Grandi tele come teatri di guerra, guerra di creature mutanti di volti e di corpi in via di trasformazione, dove la natura umana si contamina con l’animale e il vegetale, dove escrescenze fioriscono sulla terra del mito, dove gesti arrestati e grida silenziose alludono a un leggendario altrove che non si vede, dove i colori lottano sontuosamente per prevalere, e dove l’antico si fa postatomico, ineluttabilmente moderno. E’ la pittura generosa di Vincenzo Sorrentino, più che contemporaneo – quindi transitorio e soggetto alle fragili mode – travalicante e moderno appunto, perché sarà moderno anche nel prossimo secolo, se mai uno ve ne sarà. Le sue rappresentazioni neo-barocche scavalcano il tempo per essere raffigurazioni di un Olimpo cavalleresco dove gli dèi hanno lasciato il posto agli esseri nati dopo le contaminazioni nucleari. Esseri in via di metamorfosi confondono sui corpi generi e sessi avvicinandosi sempre di più alla quiete di un unico e babelico giardino dell’Eden dove tutto sembra destinato a fondersi in proliferazioni fantastiche, la definitiva fioritura del mondo. Raramente ho trovato nella pittura di oggi un tale sapiente uso del colore, e in questa pittura “sorrentiniana” vedo un ponte che può superare l’ultimo secolo per intero per ricominciare una nuova grammatica saldata al valore dell’antico. Non recupero, ma rifondazione.

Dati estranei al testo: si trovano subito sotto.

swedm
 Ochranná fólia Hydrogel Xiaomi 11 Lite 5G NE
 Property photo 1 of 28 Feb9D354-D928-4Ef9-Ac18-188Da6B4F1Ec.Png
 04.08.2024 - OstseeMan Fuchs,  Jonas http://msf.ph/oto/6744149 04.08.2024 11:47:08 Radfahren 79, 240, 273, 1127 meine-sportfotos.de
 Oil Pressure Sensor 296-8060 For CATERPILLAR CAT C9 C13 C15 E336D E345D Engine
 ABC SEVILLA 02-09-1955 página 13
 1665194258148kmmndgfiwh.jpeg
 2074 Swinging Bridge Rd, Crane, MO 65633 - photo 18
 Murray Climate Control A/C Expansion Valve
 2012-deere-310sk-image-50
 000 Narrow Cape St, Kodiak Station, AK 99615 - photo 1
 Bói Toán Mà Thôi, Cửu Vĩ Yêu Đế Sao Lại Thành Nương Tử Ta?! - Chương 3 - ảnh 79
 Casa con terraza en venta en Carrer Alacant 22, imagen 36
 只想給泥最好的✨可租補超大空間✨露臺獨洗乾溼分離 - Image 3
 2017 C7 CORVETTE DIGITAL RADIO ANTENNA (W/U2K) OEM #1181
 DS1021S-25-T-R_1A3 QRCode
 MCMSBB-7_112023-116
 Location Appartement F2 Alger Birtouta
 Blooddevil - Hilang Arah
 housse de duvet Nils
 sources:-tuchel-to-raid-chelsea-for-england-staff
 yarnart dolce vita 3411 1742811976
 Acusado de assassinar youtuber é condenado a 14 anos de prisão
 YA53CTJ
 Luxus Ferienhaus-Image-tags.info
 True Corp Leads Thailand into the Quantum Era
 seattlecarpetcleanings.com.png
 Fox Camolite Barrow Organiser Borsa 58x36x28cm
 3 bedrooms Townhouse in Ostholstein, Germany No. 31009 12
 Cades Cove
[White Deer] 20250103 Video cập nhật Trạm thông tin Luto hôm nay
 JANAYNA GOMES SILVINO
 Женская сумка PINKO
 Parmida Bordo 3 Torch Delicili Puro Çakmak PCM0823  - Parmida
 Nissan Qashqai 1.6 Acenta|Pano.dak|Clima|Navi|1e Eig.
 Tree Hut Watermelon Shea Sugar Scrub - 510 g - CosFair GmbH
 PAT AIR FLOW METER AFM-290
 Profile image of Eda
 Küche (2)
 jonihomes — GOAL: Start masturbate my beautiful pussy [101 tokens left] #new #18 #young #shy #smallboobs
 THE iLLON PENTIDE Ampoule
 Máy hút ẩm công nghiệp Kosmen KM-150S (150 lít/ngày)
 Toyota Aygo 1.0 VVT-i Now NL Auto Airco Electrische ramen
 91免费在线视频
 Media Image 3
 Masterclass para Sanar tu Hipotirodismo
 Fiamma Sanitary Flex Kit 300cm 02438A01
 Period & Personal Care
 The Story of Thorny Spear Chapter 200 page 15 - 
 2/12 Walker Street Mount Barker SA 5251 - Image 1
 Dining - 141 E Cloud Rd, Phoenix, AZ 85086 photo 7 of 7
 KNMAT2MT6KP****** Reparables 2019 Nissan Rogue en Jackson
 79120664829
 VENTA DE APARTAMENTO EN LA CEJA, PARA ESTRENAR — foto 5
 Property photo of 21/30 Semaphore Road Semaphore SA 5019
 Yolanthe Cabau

Il tuffo nel quadro pian piano si disvela come dantesco precipitare in noi stessi: quelle non sono più le “sue visioni” (dell’artista) ma il calligrafico e sorprendente diario illustrato della discesa nel profondo di ognuno di noi. Sorrentino ha assistito ad una particolare formazione di questo profondo, tutto generato dal suo essere vesuviano. L’assorbimento – attraverso il latte materno, i racconti, la visione, la respirazione, la pietrarsa, il mare – della presenza del vulcano hanno nel tempo strutturato in lui come una trama di un viaggio dentro una realtà parallela che ribolle sotto l’apparente calma dei giorni vissuti: il liquido amniotico e il magma infuocato, il bambino e il mostro, l’origine della vita e l’abisso della morte, la memoria e l’oblio, giocano ruoli contraddittoriamente analoghi, entrambi inizio di una fine e fine di un inizio. Tutto ci tira in questo vortice di simboli in cui l’artista, la sua pittura, le dimensioni della tela, i simboli stessi diventano i nostri anch’essi inquietanti ed inspiegati, il nostro viaggio. Riemergere dal quale e riguardare i quadri di Sorrentino dall’esterno è come lasciarsi a malincuore alle spalle le tracce di un confuso tormento, che non prevede la conoscenza ma il senso, carnale e mentale.